> _EXTRACTED INFORMATION_:
..........
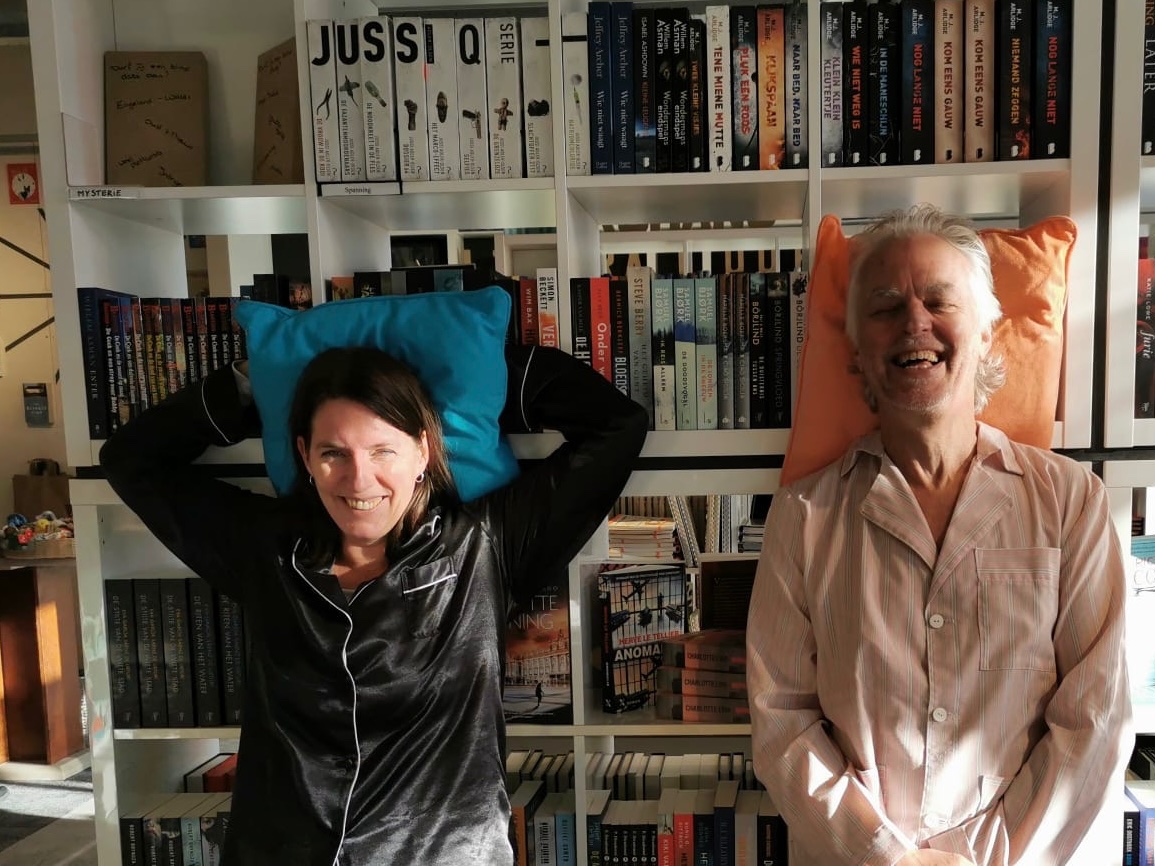 Het moment waarop je erachter komt dat je ook maar gewoon een emoticon bent.

Groeten,

😉 en 😄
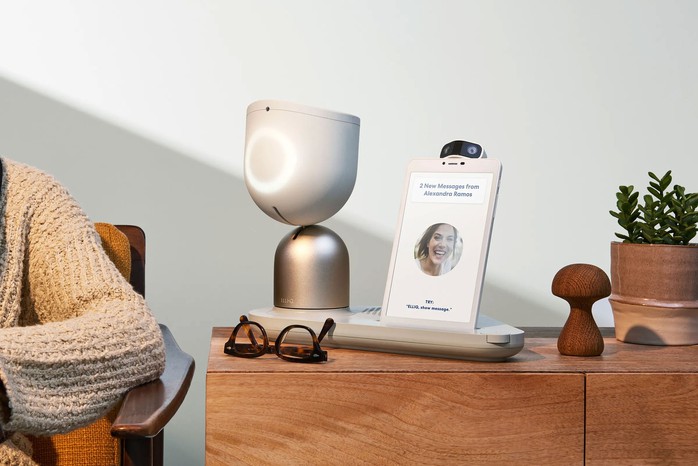 Robot ElliQ của Công ty Intuition Robotics (Israel) được trang bị công nghệ AI để giúp người già bớt cảm giác cô đơn Ảnh: TIME Robot ElliQ của Công ty Intuition Robotics (Israel) được trang bị công nghệ AI để giúp người già bớt cảm giác cô đơn Ảnh: TIME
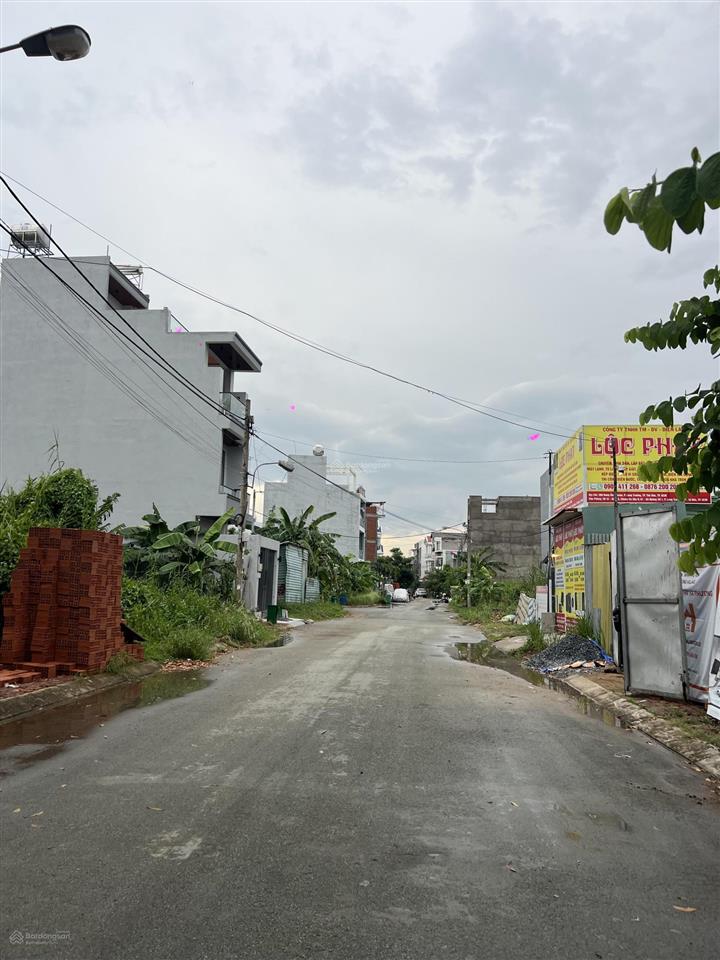 Bán 63m2 ngang 4,3m trục 10m hẻm 200 bưng ông thoàn, phú hữu, quận 9 giá 4,7 tỷ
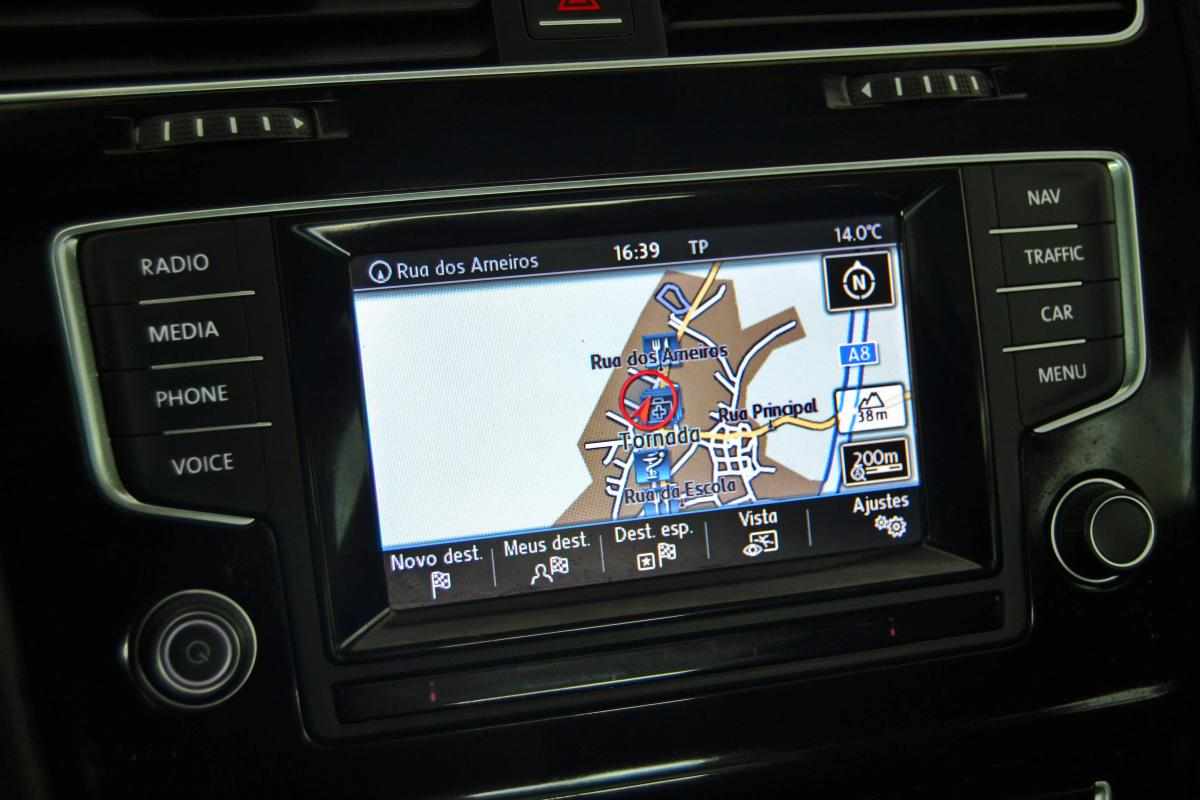 volkswagen-golf-variant-2013-diesel-1600cc
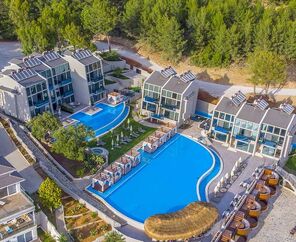 Orka Cove Hotel Penthouse & Suites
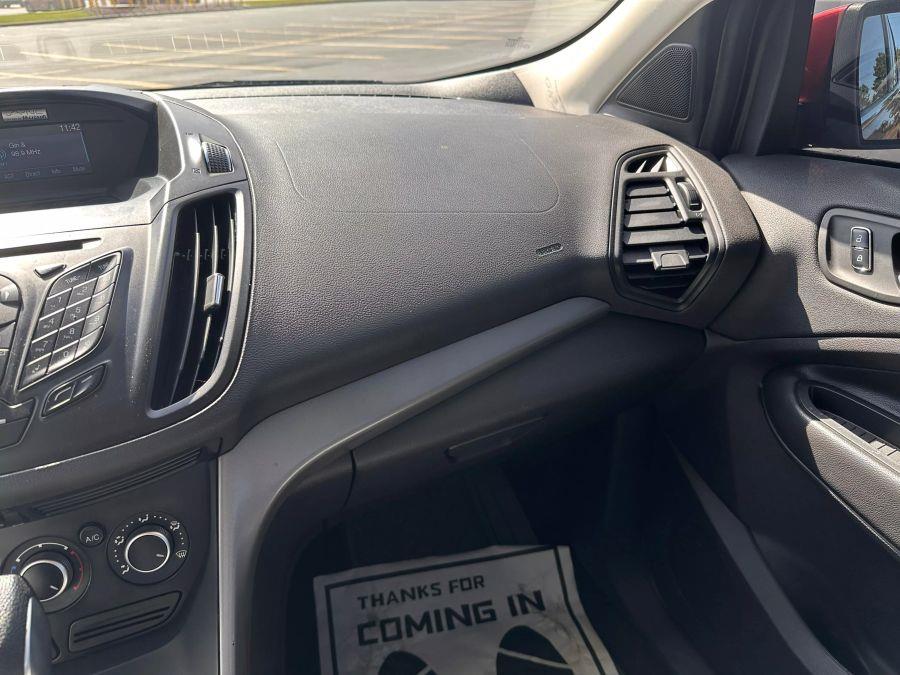 2016 Ford Escape SE Sport Utility 4D photo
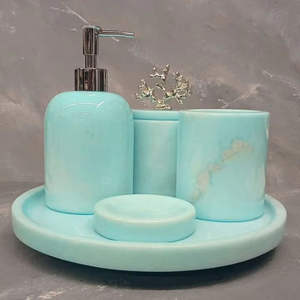 Ensemble de salle de bain trois pièces en résine classique Organisateur de vanité fait à la main Porte-savon Porte-brosse à dents Plateau de gobelet Essentiels élégants - Product Image 6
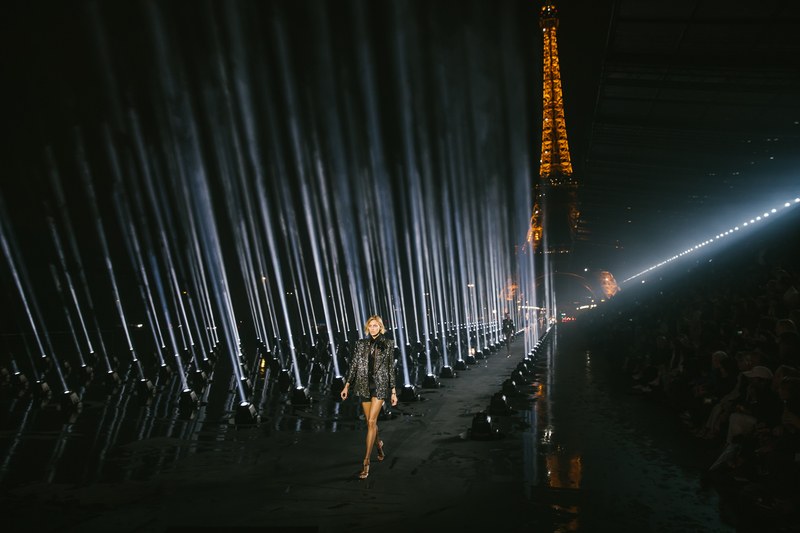 原创2020春夏时装周ysl在巴黎铁塔下开秀王琳凯绿头发醒目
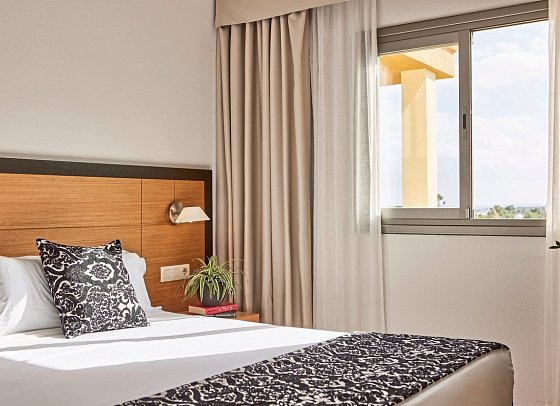 Zafiro Tropic - Wohnbeispiel Suite 1 Schlafzimmer (Zimmercodierungen AB1, AB3, A1P & A2P)
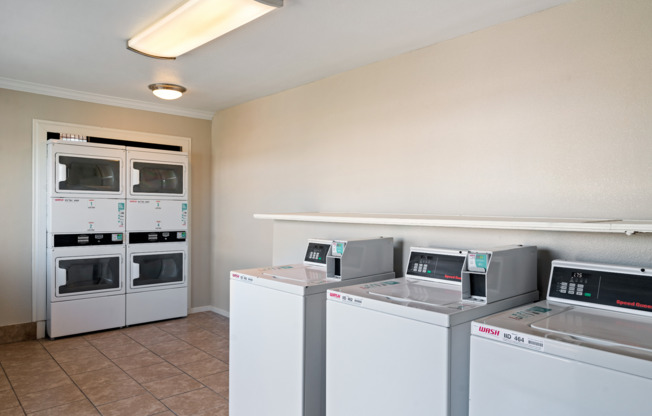 Thunderbird Apartments Laundry Rooms
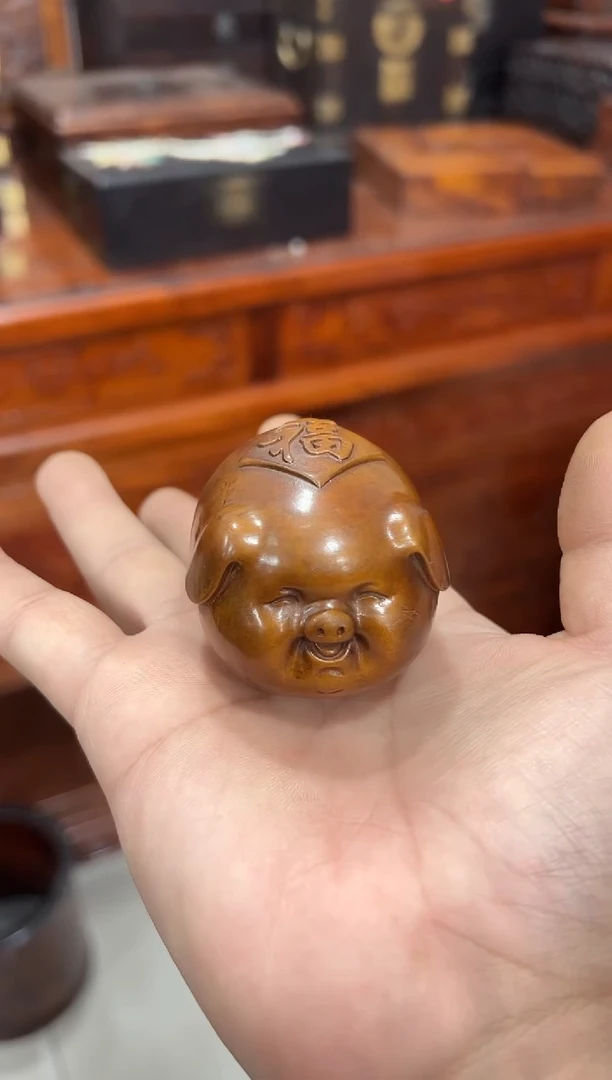 黄杨小福猪把件1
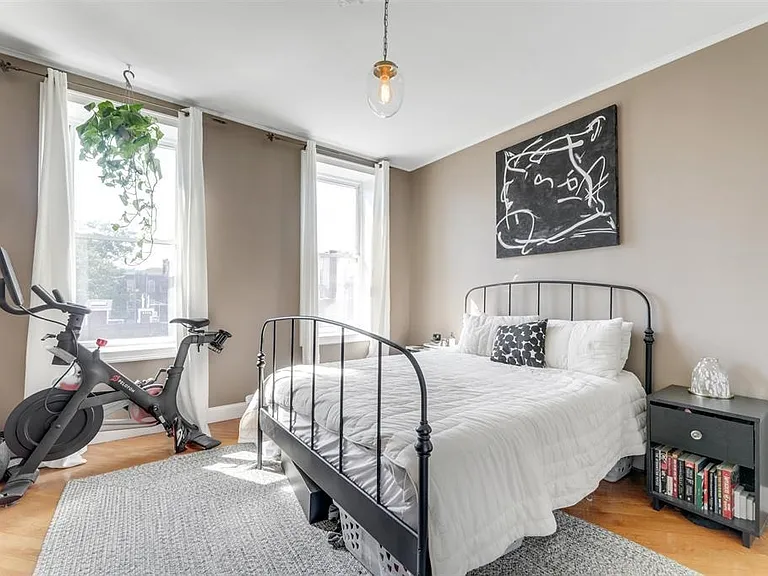 931 Park Ave #5R — Photo 9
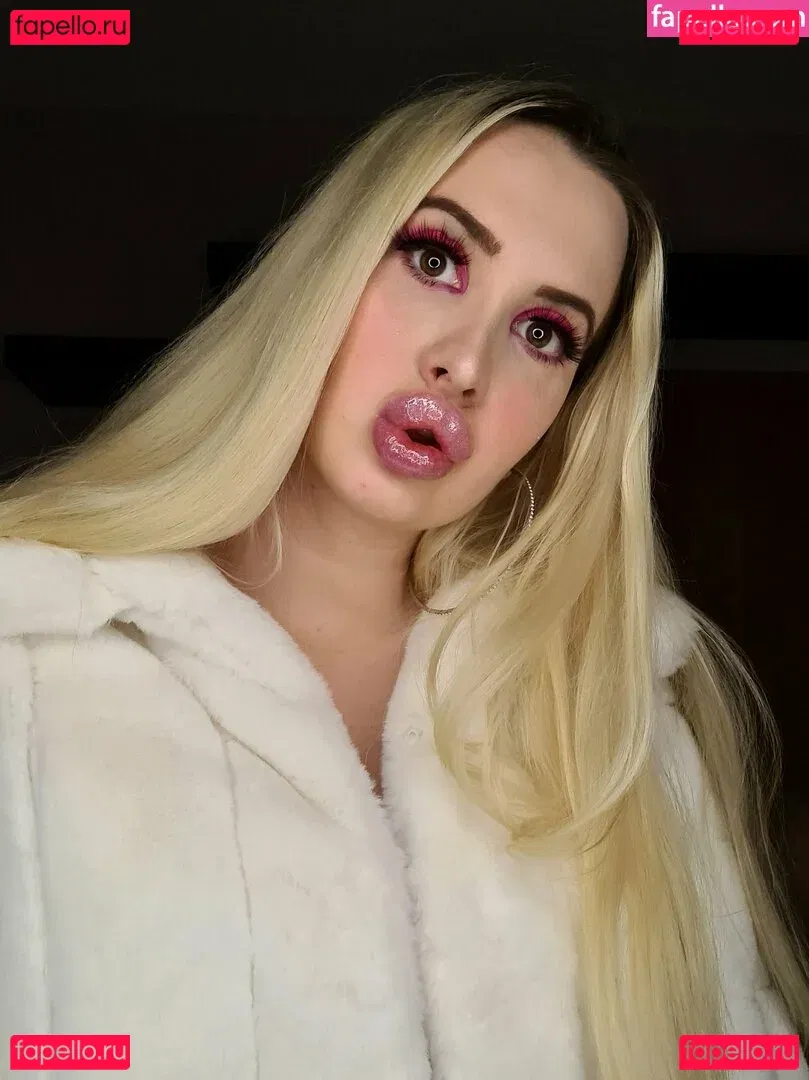 vivianroseofficial Onlyfans Photo Gallery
..........
> _WHAT YOU NEED TO DO_: From the line containing "Bán 63m2 ngang" through the last line of the records above, reproduce every line exactly, leaving out the pictures.

> _EXERCISE RESULT_:
 Bán 63m2 ngang 4,3m trục 10m hẻm 200 bưng ông thoàn, phú hữu, quận 9 giá 4,7 tỷ
 volkswagen-golf-variant-2013-diesel-1600cc
 Orka Cove Hotel Penthouse & Suites
 2016 Ford Escape SE Sport Utility 4D photo
 Ensemble de salle de bain trois pièces en résine classique Organisateur de vanité fait à la main Porte-savon Porte-brosse à dents Plateau de gobelet Essentiels élégants - Product Image 6
 原创2020春夏时装周ysl在巴黎铁塔下开秀王琳凯绿头发醒目
 Zafiro Tropic - Wohnbeispiel Suite 1 Schlafzimmer (Zimmercodierungen AB1, AB3, A1P & A2P)
 Thunderbird Apartments Laundry Rooms
 黄杨小福猪把件1
 931 Park Ave #5R — Photo 9
 vivianroseofficial Onlyfans Photo Gallery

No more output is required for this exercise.